Most of us know what it's like to be tired. Whether we're studying at the library for an upcoming exam, trying to get something important done at the office, or doing chores we've been putting off for days at home, we often feel tired, incompetent, or incompetent. You are ready to do what you know you must do. Life is full of things to do. Sometimes we succeed and fight this fatigue, sometimes we fail and focus on less difficult tasks (activities that are usually not on a long to-do list).
Clarify the concept of fatigue
English can be blamed for our inability to clearly distinguish between fatigue, tiredness, and sleepiness. As a native German speaker, I can vouch that no other language is better at this (in German we use 'tired' and 'tired' in English, so we replace 'müde' and 'ausgelaugt' with 'erschöpft' in German. .'). As you may have guessed, we sleep for two reasons. I haven't slept in a while or it's dark outside. This feeling is associated with the circadian rhythm, a circadian cycle that can accompany a variety of physiological processes. One of these processes is the release of a hormone called melatonin, which usually occurs after sunset. The release of melatonin makes us sleepy and we fall asleep. So what do we do when we are asleep? You found it, you should sleep.
On the other hand, we feel tired in the morning after a good night's sleep. Melatonin is invisible. Of course, the solution is not to go back to sleep. There are four characteristics to consider to unambiguously isolate fatigue from all relevant structures.
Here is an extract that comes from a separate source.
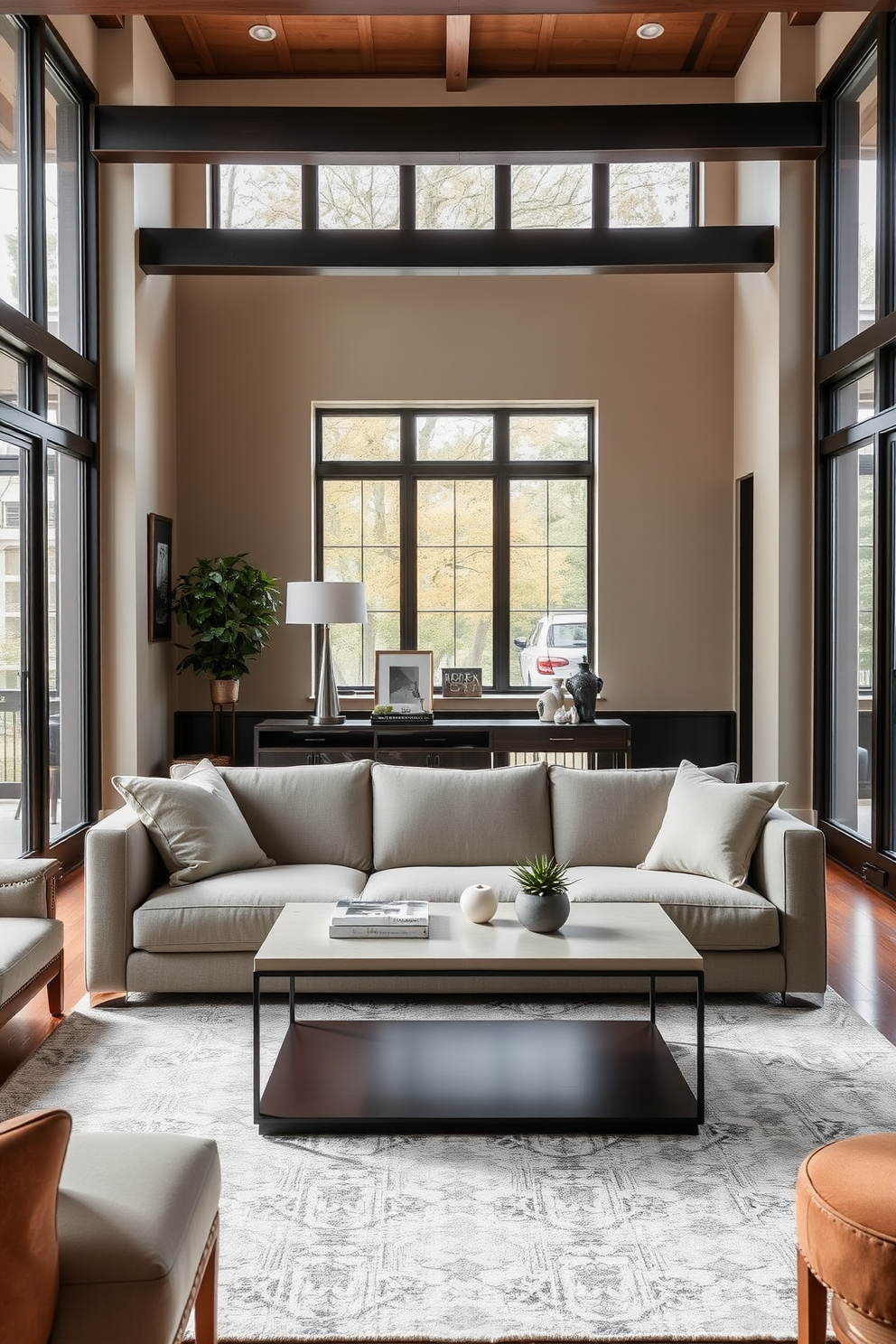 A narrow console table is positioned behind a plush sofa, creating a functional yet stylish focal point in the living room. The table is adorned with decorative items such as a sleek lamp, a stack of art books, and a small potted plant for a touch of greenery. The living room features a rectangle layout, with the sofa facing a modern coffee table and a cozy area rug anchoring the space. Large windows allow natural light to flood the room, highlighting the warm color palette and inviting atmosphere.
First of all, fatigue is the feeling of tiredness caused by performing strenuous activities. This is different from sleepiness due to the release of melatonin and the need for sleep. It's also different from boredom caused by a lack of stimulating activity (fatigue and boredom are more similar than you might think, but we'll get to that in a future blog post). In psychology, we are closer to the rule that if we continue to do the same activity we start to get tired (the onset can vary a lot, but it almost always happens before we start to feel drowsy and sleepy, so we go to bed).
Second, fatigue can and usually does persist even after we are separated from the activity that caused the fatigue. This is associated with a specific action but disappears when the action stops.
Third, fatigue occurs in a relatively short period (from minutes to hours). It is different from chronic fatigue syndrome (CFS), which is a long-term condition with low energy levels common in patients with a variety of physical and mental disabilities.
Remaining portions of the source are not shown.